Data extracted from a collection
◇ ◇ ◇ ◇

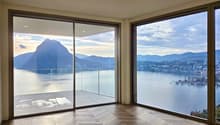 large floor to ceiling windows, wooden floor, balcony with glass railings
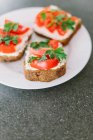Bruschetta topped with cottage cheese and tomatoes — Stock Photo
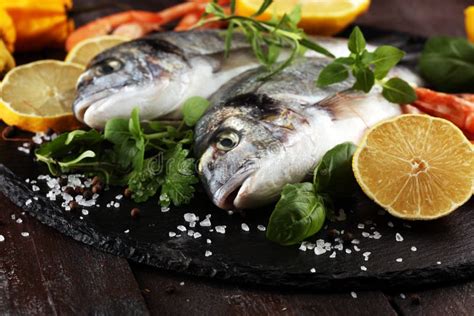 Delicious Fresh Fish Fish With Aromatic Herbs Spices And Vegetables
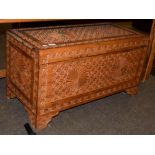 A carved camphor wood chest, 90cm by 42cm by 49cm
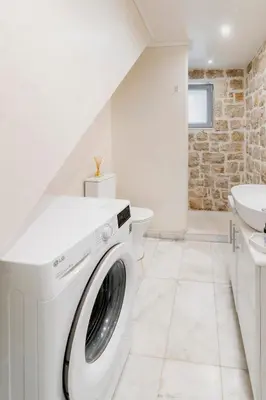 a white washing machine in a bathroom with a sink at Kastro - Country Villa in Rhodes Town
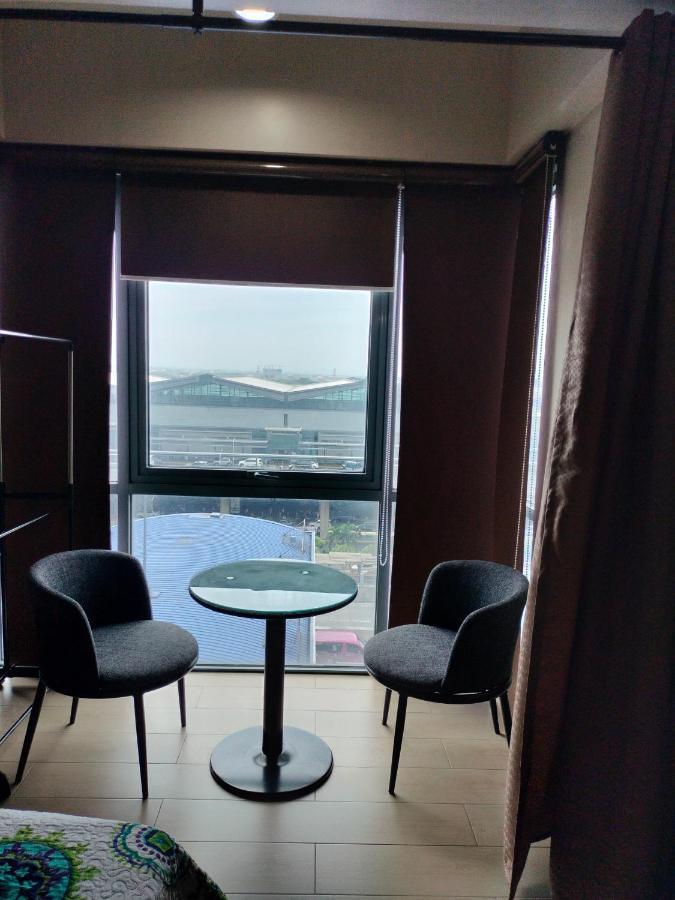 Condotel Near Airport At Two Palmtree Villas 马尼拉 外观 照片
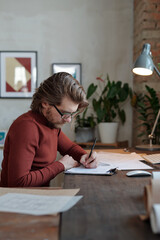 Fototapeta na wymiar Young serious male architect in eyeglasses and casualwear concentrating on making sketch of new construction while sitting by table in office
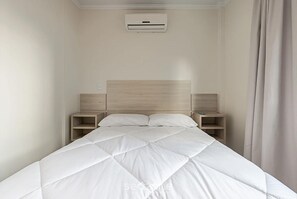 A neatly made bed with a quilted white duvet, a wooden headboard, and two bedside tables with lamps. - Apt W/balcony 160m Bombas Beach Col102 (Bombinhas)
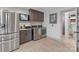 Functional laundry area with stainless steel appliances, stylish cabinetry, and extra storage space at 10016 Morgan Mill Rd, Monroe, NC 28110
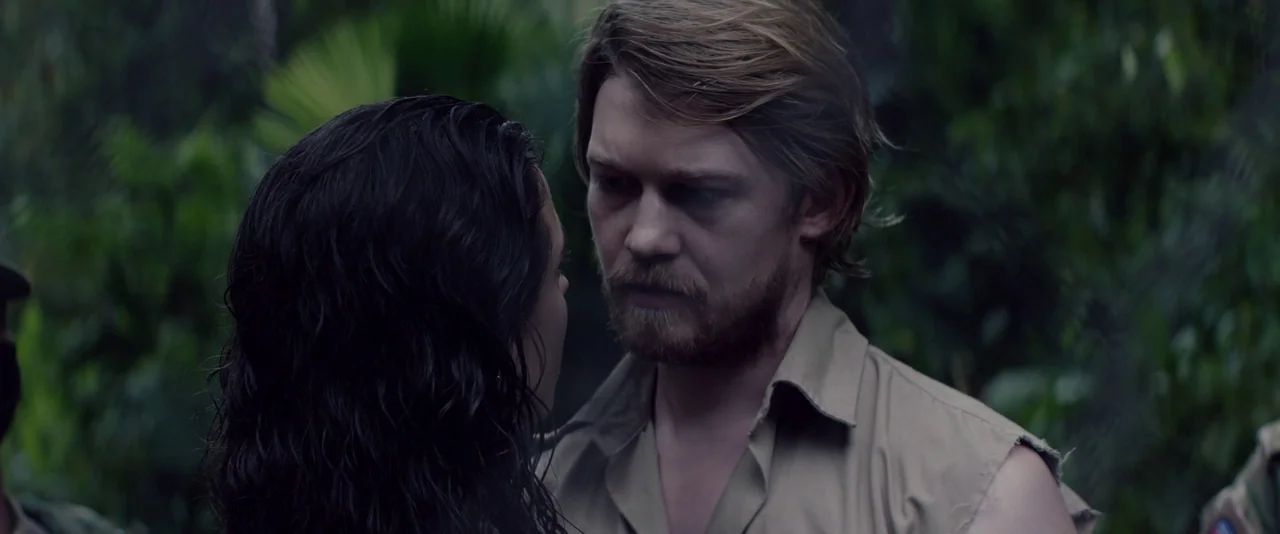 Stars At Noon (2022) movie still: medium — A man and woman stand close together in a dark, humid, overgrown tropical environment. The woman has wet…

◇ ◇ ◇ ◇

The range runs from the line containing "Condotel Near Airport" through the end of the entries; print those lines exactly and leave the pictures out.

 Condotel Near Airport At Two Palmtree Villas 马尼拉 外观 照片
 Fototapeta na wymiar Young serious male architect in eyeglasses and casualwear concentrating on making sketch of new construction while sitting by table in office
 A neatly made bed with a quilted white duvet, a wooden headboard, and two bedside tables with lamps. - Apt W/balcony 160m Bombas Beach Col102 (Bombinhas)
 Functional laundry area with stainless steel appliances, stylish cabinetry, and extra storage space at 10016 Morgan Mill Rd, Monroe, NC 28110
 Stars At Noon (2022) movie still: medium — A man and woman stand close together in a dark, humid, overgrown tropical environment. The woman has wet…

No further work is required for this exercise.